G.I. SAMURAI (1981)

This is a retitled and dubbed Sonny Chiba movie (that's pretty easy to find pretty cheap in Tower Video, Suncoast and the like) with a great premise; a whole squad of soldiers, tank, helicopter, P.T. boat and all, end up thrown through a
time warp to their country's past. Since they're Japanese, this means Feudal Japan. There is very, very little plot here, and it
has a very enjoyably cold-blooded approach: the solidiers figure they've got the guns and artillery, so they should make
themselves Lords of Japan (forget how it's absurdly rationalized in the dubbing, it's what they decide to do). Alas, they
haven't counted on the strength and fearlessness of their own ancestors. Chiba plays the leader of the timelost squadron and also choreographs the great fight scenes.  I wish I had seen this film when I was thirteen (which is probably the optimal age for it).  The movie is really well-budgeted; if the movie had been made in America, it would have been a low-budget affair and you never would have seen more than ten guys on the screen at once. This has, like you would hope, scores of horsemen riding over the hill and swarming the machine-gunning soldiers. The battle scenes go on a long, long time.  I was both exhausted and exhilarated by the end of the movie.  Although it's a subject that I don't know a ton about, the movie really works in depicting the sort of military fetishizing that was once (and perhaps still is) such a part of the Japanese national character; the squadron is refreshingly quick to gun down potential ancestors and Chiba's character is obviously loving the whole idea of fighting alongside, and against, actual Samurai.

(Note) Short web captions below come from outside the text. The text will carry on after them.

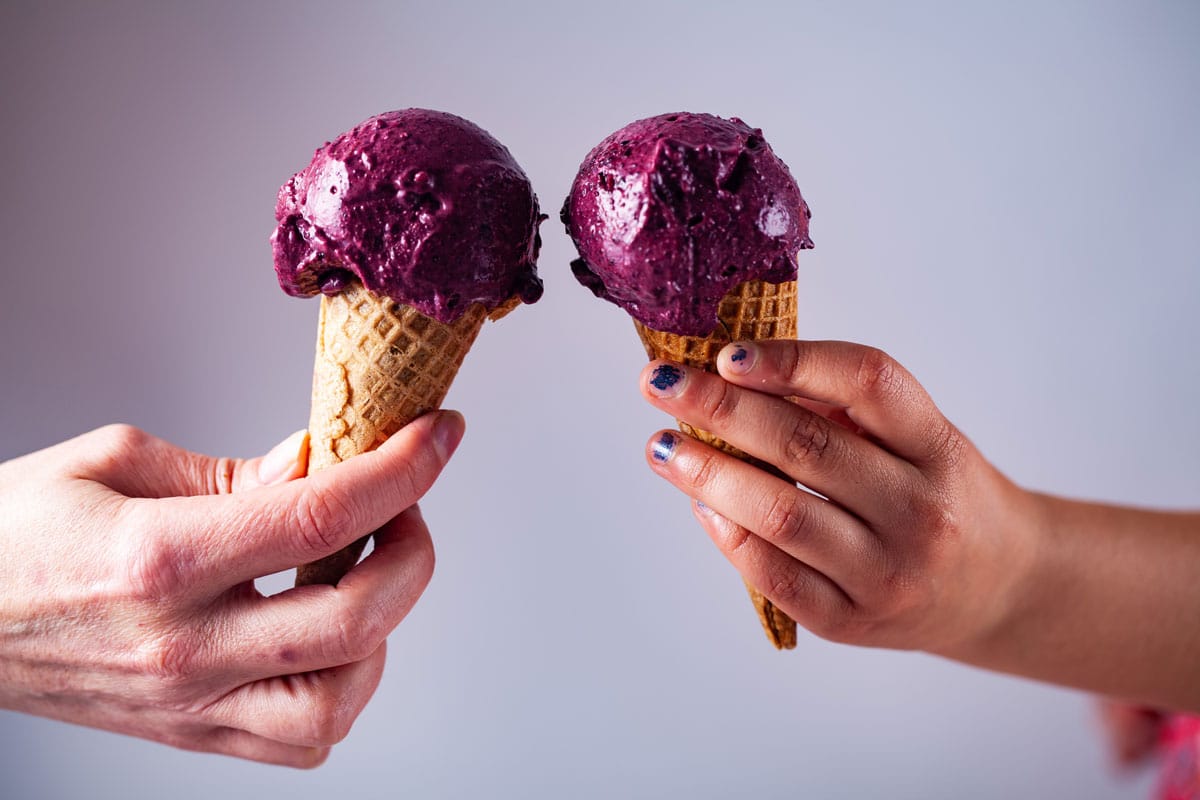 Two hands carrying each a berry ice cream on a cone.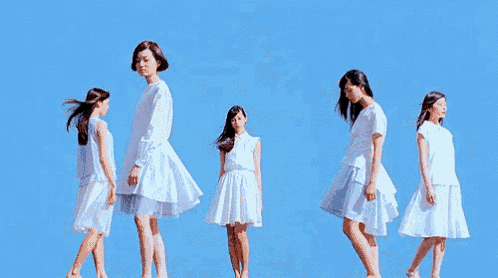 a group of young women in white dresses are walking in a row against a blue sky .
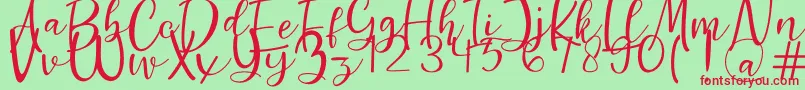 Guttenly Font – Red Fonts on Green Background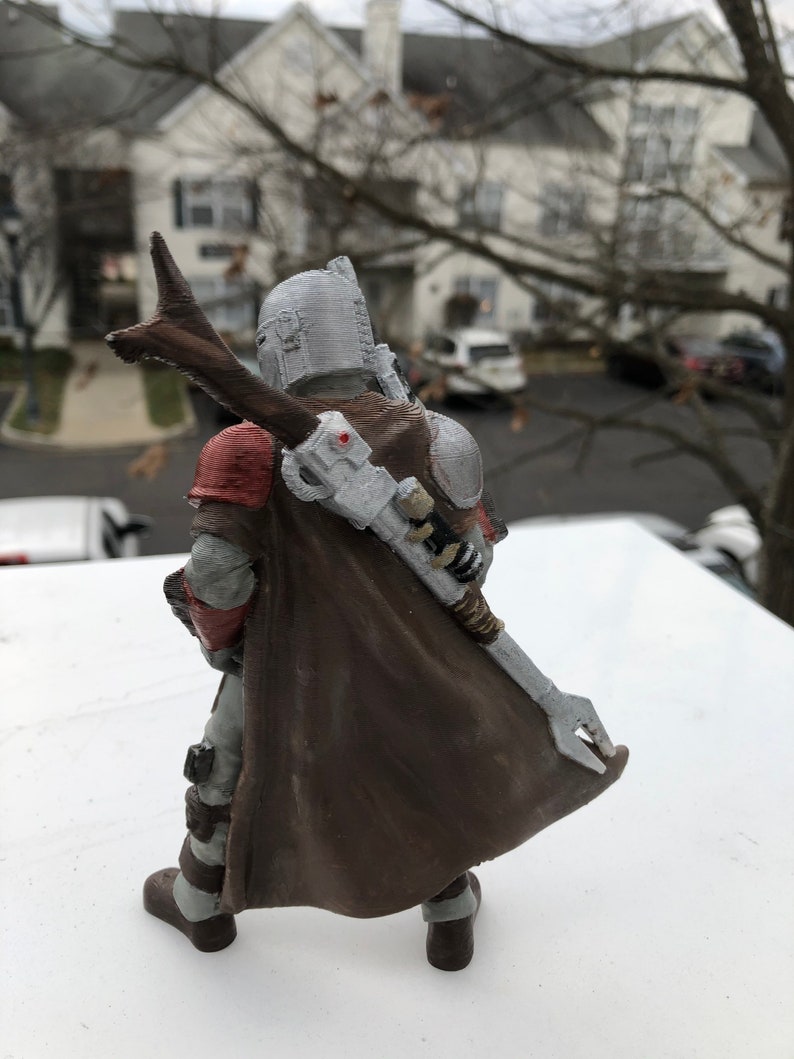 May include: A detailed action figure of a character wearing a brown cape and helmet with a silver and red chest plate. The figure is holding a weapon in its right hand.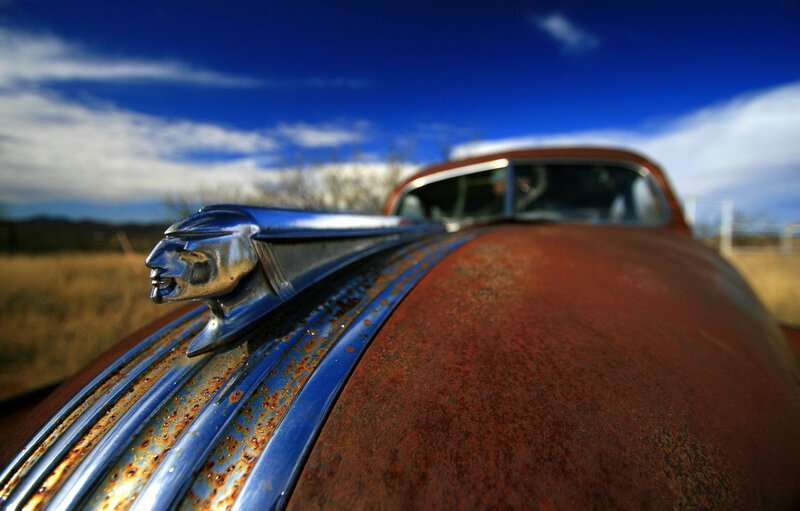 Rusty car hood with chrome ornament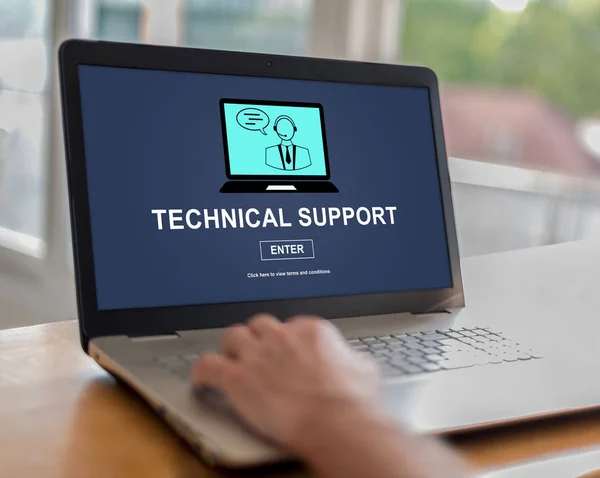 Man using a laptop with technical support concept on the screen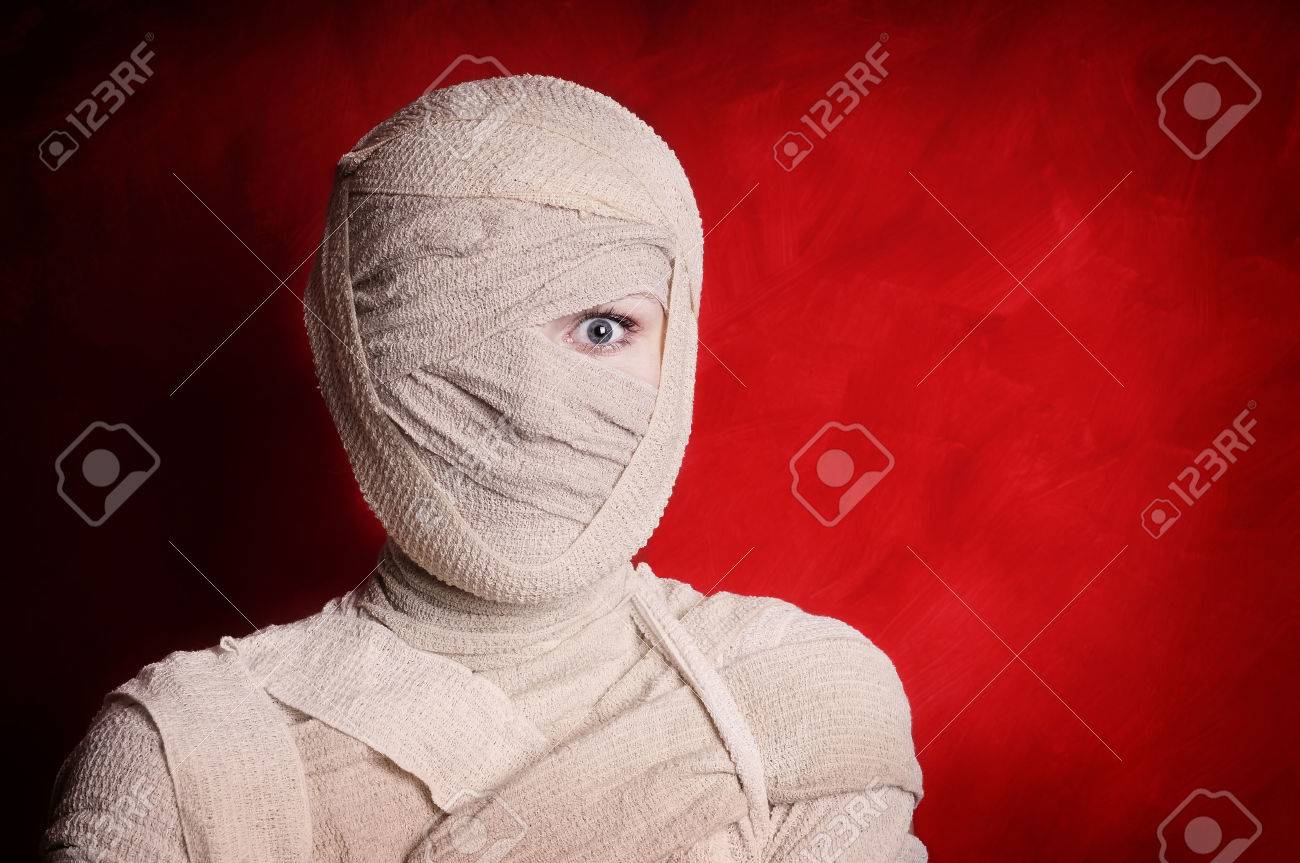 woman wrapped up with bandages as a mummy halloween costume - 32613809 woman wrapped up with bandages as a mummy halloween costume - 32613809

image nicked from the video cover (doesn't do justice)I should warn you: I don't know if  this is still regular practice in Japan, but this movie is filled with horse wirepulls. Hollywood has, thank god, stopped this once common practice of getting a horse to fall by tying a wire to a rear leg and yanking it when the horse is in mid-run (you onlly see it in older films now) but this movie has scenes where the horse's back leg flies up so high that not only is it obvious that there is major wirepulling going on, but you can't help but think that the horse was probably crippled for life as a result. A really icky thing, the wirepull; it's the only thing I don't like about what I'm starting to realize is one of my all-time favorite cheesy B-movies.